To illustrate multivariate linear models, we will use data collected
by Anderson (1935) on three species of
irises in the Gaspé Peninsula of Québec, Canada. The data are of
historical interest in statistics, because they were employed by
R. A. Fisher (1936) to introduce the
method of discriminant analysis. The data frame iris is
part of the standard R distribution, and we load the car
package now for the some function, which randomly samples
the rows of a data set.
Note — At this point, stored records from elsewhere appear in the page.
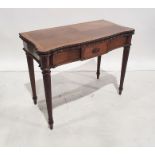 Early 20th century mahogany card table, the serpentine front fluted and supported to peg feet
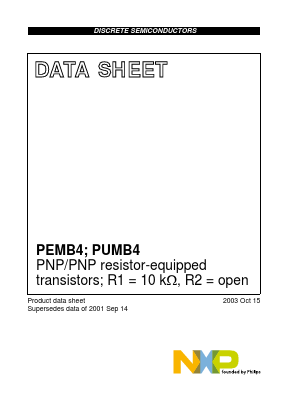 PEMB4 Datasheet PDF NXP Semiconductors.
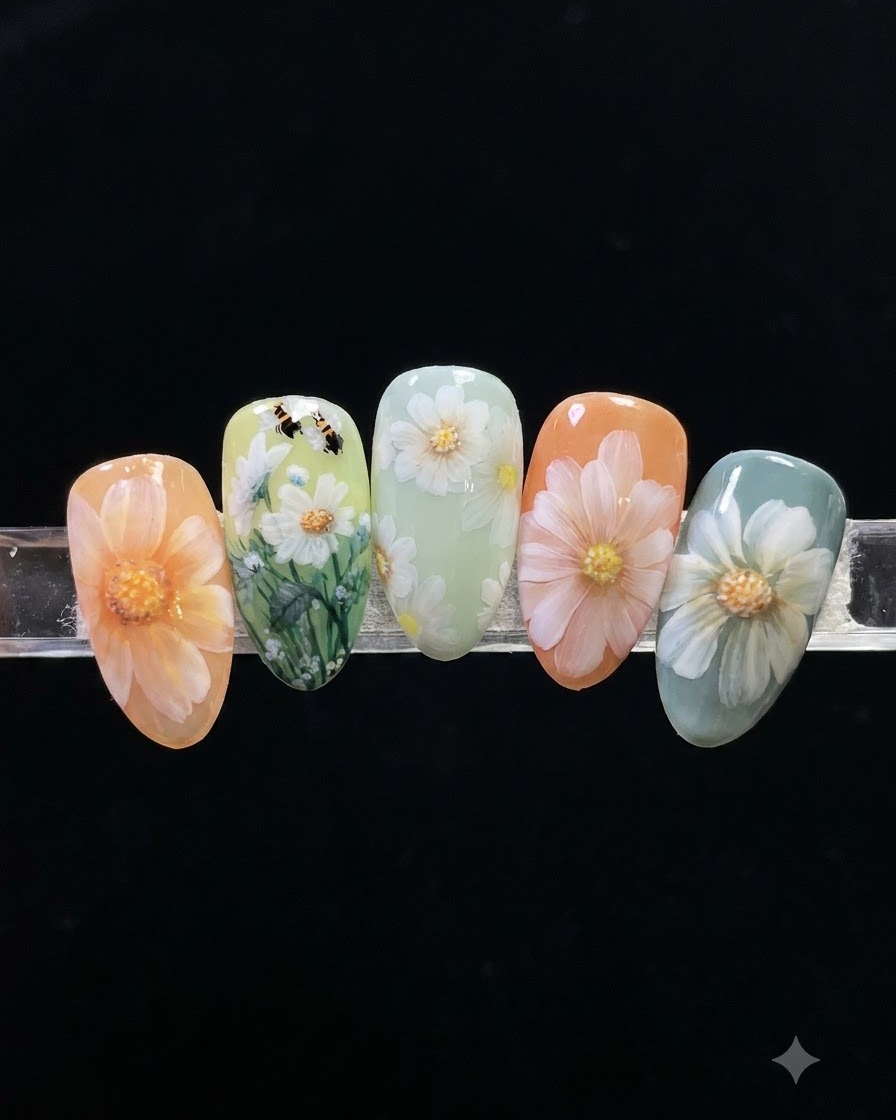 Un pincel de arte de uñas presionando y tirando suavemente del gel blanco hacia adentro para formar pétalos de flores cónicos.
We rename the variables in the iris
data to make listings more compact:
> names(iris)
[1] "Sepal.Length" "Sepal.Width" "Petal.Length" "Petal.Width" "Species"
> names(iris) <- c("SL", "SW", "PL", "PW", "SPP")
> library(car)
> some(iris, 3) # 3 random rows
SL SW PL PW SPP
44 5.0 3.5 1.6 0.6 setosa
61 5.0 2.0 3.5 1.0 versicolor
118 7.7 3.8 6.7 2.2 virginica
The first four variables in the data set represent measurements (in cm) of parts of the flowers, while the final variable specifies the species of iris. (Sepals are the green leaves that comprise the calyx of the plant, which encloses the flower.) Photographs of examples of the three species of irises—setosa, versicolor, and virginica—appear in Figure 1. Figure 2 is a scatterplot matrix of the four measurements classified by species, showing within-species 50 and 95% concentration ellipses (see (Fox and Weisberg 2011, sec. 4.3.8)); Figure 3 shows boxplots for each of the responses by species.
These graphs are produced by the scatterplotMatrix and
Boxplot functions in the car package (see (Fox and Weisberg 2011, sec. 3.2.2 and 3.3.2)).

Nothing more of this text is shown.